Scaling deployments

Scaling is accomplished by changing the number of replicas in a deployment. A replica is a copy of a pod that already contains a running service. By having multiple replicas of a pod, you can ensure that your deployment has the available resources to handle increasing load.

About this task

Restriction: By default, a single Rule Execution Server console is deployed and restarted when necessary. Due to a known limitation, it is not possible to scale up the number of deployments of the console.

All of the ODM services can be scaled up or down in a cluster, except for the Rule Execution Server console. The console is used to deploy new versions of a decision service dynamically and notify all connected rule engines to pick up the newest version. Although you do not need a console for rule execution, it is useful to deploy new versions, notify decision services to execution components, and gather statistics for rule execution.

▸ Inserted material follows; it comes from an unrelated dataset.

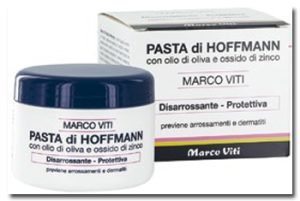 906790074-PASTA HOFFMANN 200ML VITI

If a deployment is exposed publicly when you change the number of replicas, the service distributes the traffic to the available pods during the update. An available pod is an instance that can be accessed by users.

Procedure

  1. From the Kubernetes command line, you set the scale value by using the replicas parameter.
    kubectl scale --replicas=2 deployment/odm-instance-odm-decisionrunner
    Where odm-instance-odm-decisionrunner is the name of the deployment you want to scale.

    It is also possible to specify one or more preconditions for the scale action. If either of the current-replicas or resource-version parameters are specified, they are validated before the scale is attempted. The precondition must hold true for the scale to be applied to the server. For more information, see kubectl scale.

  2. Optional: Define a policy that automatically scales the number of deployment replicas.
    For more information, see Horizontal Pod Autoscaler.

Results

The following values are updated after the deployment scaled.
  • DESIRED - The desired number of replicas of a pod, which you define when you create the deployment.
  • CURRENT - The number of replicas currently running.
  • READY - The number of replicas that are available to the users compared to the desired state.
  • AVAILABLE - The number of replicas that are available to the users.